The brand said it would end sales in the territories

spoiler-titleafter years
of campaigning by activists allied with the Boycott, Divestment and Sanctions (BDS) campaign.

I think I see what you're saying but they still owned the company.

However,

When did Ben and Jerry's become a public company? In 1978, with $12,000, Ben & Jerry's opened in a vacant gas station. The first franchise followed in 1981, distribution outside Vermont began in 1983, and the company went public in 1984.

So maybe that's the biggest issue.

[–] SnotFlickerman@lemmy.blahaj.zone 2 points 3 days ago* (last edited 3 days ago) (1 children)

Yeah going public is often the death knell of real progressive action from companies.

I think we are mostly on the same page. I would say "owning the company" isn't the same as "in control of how the company works" when you're owned by a giant parent company. They may still "own" it but they haven't effectively been in direct control of its current and future operations since 2000.

[–] Maeve@kbin.earth 2 points 3 days ago (1 children)

Yes, and they were in Palestine before then, and after the IPO.

[–] SnotFlickerman@lemmy.blahaj.zone 2 points 3 days ago* (last edited 3 days ago) (1 children)

That's a fair take, but if we're going back to the 80's and 90's, I personally am going to cut them some slack because it was a lot harder to really be up to date about issues like what was going on in Palestine back then. We had more independent media, sure, but it was far more difficult for the average American to get informed about those kind of issues without the modern internet.

The death of Rachel Corrie at the hands of Israelis stealing Palestinian land was in 2003 and hardly was a blip in American media. Just from my own memories from the time far fewer people were aware of it even being an issue. I remember being pissed but most people didn't know or didn't seem to care that they murdered a US citizen.

The modern pressure on Ben & Jerry's is because millions of people are aware of it now thanks to the modern internet and are getting involved in the pressure. Back then? I strongly suspect Ben & Jerry's probably got a handful of letters about it, and whether the owners actually ever saw such letters or read articles about what was going on in Palestine is up for debate. Not everyone can know anything, and there was truly a dearth of media about it in the US at the time. By the time it was well-known enough for large amounts of people to be actively pressuring them, they were owned by genuinely evil assholes, not just oblivious halfway decent people.

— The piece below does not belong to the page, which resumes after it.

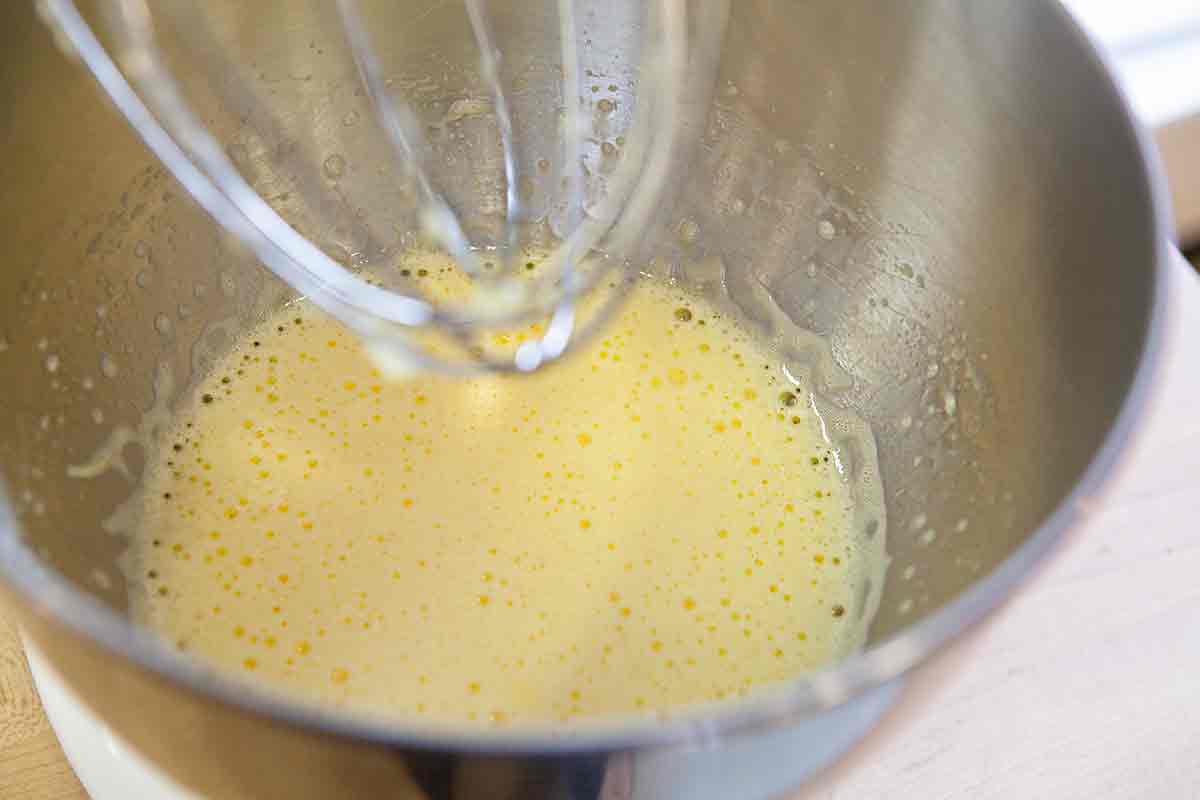 whip eggs to make batter for carrot souffle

[–] Maeve@kbin.earth 2 points 3 days ago (1 children)

Also fair, but I'm a backwater hick 99.9% of my life and I knew about it. I really don't remember how, maybe it was brought to my attention *after Unilever.

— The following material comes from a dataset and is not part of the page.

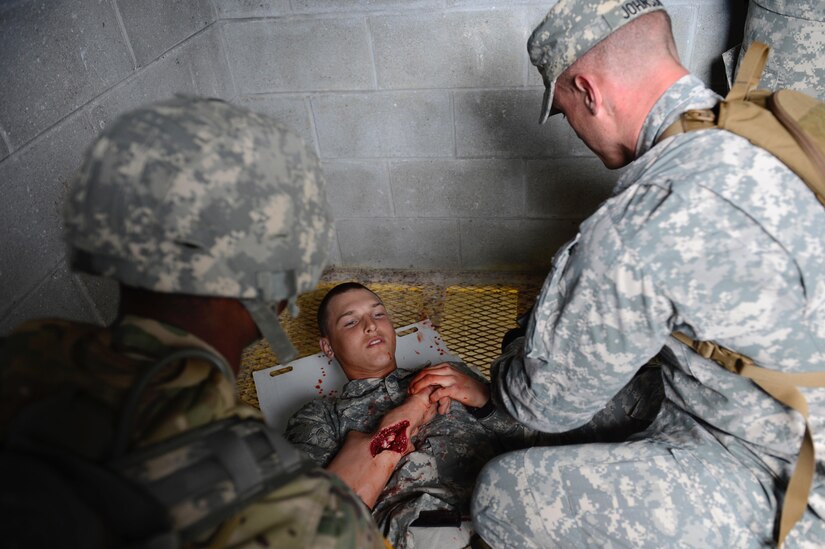 U.S. Army Staff Sgt. Mathew Johnson, Charlie Company, 210th Aviation Regiment, 128th Aviation Brigade instructor and NCO of the Year competitor performs first aid on a simulated Soldier’s injuries during the NCO and Advanced Individual Training Platoon Sergeant of the Year Competition at Joint Base Langley-Eustis, Va., March 8, 2017. Along with demonstrating leadership abilities in a simulated hostile environment, competitors had to clear buildings and identify improvised explosive devices during the battlefield scenario. (U.S. Air Force photo/Airman 1st Class Kaylee Dubois)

[–] SnotFlickerman@lemmy.blahaj.zone 2 points 3 days ago* (last edited 3 days ago) (1 children)

Rachel Corrie was the first I was ever exposed to it personally, and that's because she was a local. I began doing my research on the subject after that, and I was in my mid-twenties.

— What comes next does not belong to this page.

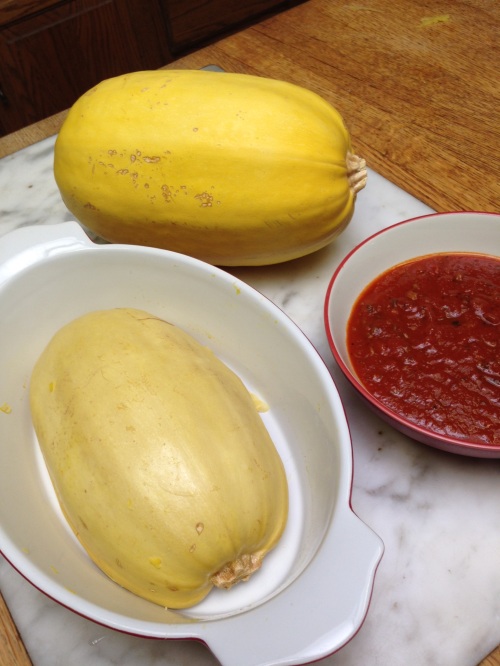 The pale yellow half-squash is cooked. The meaty red sauce is low-carb.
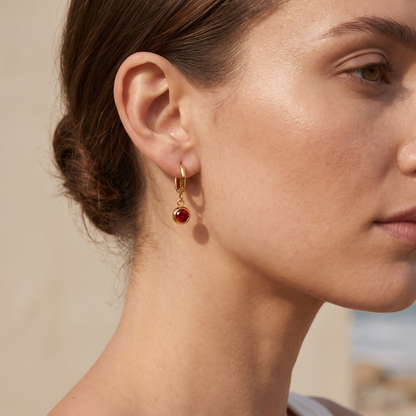 Asea Birthstone Huggie Hoops — worn by model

[–] Maeve@kbin.earth 2 points 2 days ago

Yes, I was upset before that, but I've got a few years on you. I'm thinking I may have heard of Ben and Jerry's being in occupied Palestine on the site that shall not be named.

Edit; maybe not, they came online in the early aughts, so maybe I'm misremembering. Could have been a BBS or IRC or maybe ICQ or even aol 😂

[–] Nomecks@lemmy.ca 13 points 3 days ago (1 children)

Businesses exist for 1 reason: To make money.

[–] Xaphanos@lemmy.world 2 points 3 days ago (1 children)

Save the Children might have an objection to that.

[–] Nomecks@lemmy.ca 5 points 3 days ago (1 children)
[–] SnotFlickerman@lemmy.blahaj.zone 5 points 3 days ago* (last edited 3 days ago)

Yes, non-profits are still a type of "business" and many of them absolutely do not help their supposed causes as much as they portray. Susan G. Komen Foundation went from a darling of the non-profit world to people wondering whether they really helped women at all.

I think they're using Save the Children as an example because ostensibly 74% of their revenue actually goes directly to aiding people, and 26% is employee compensation, advertising, and so on.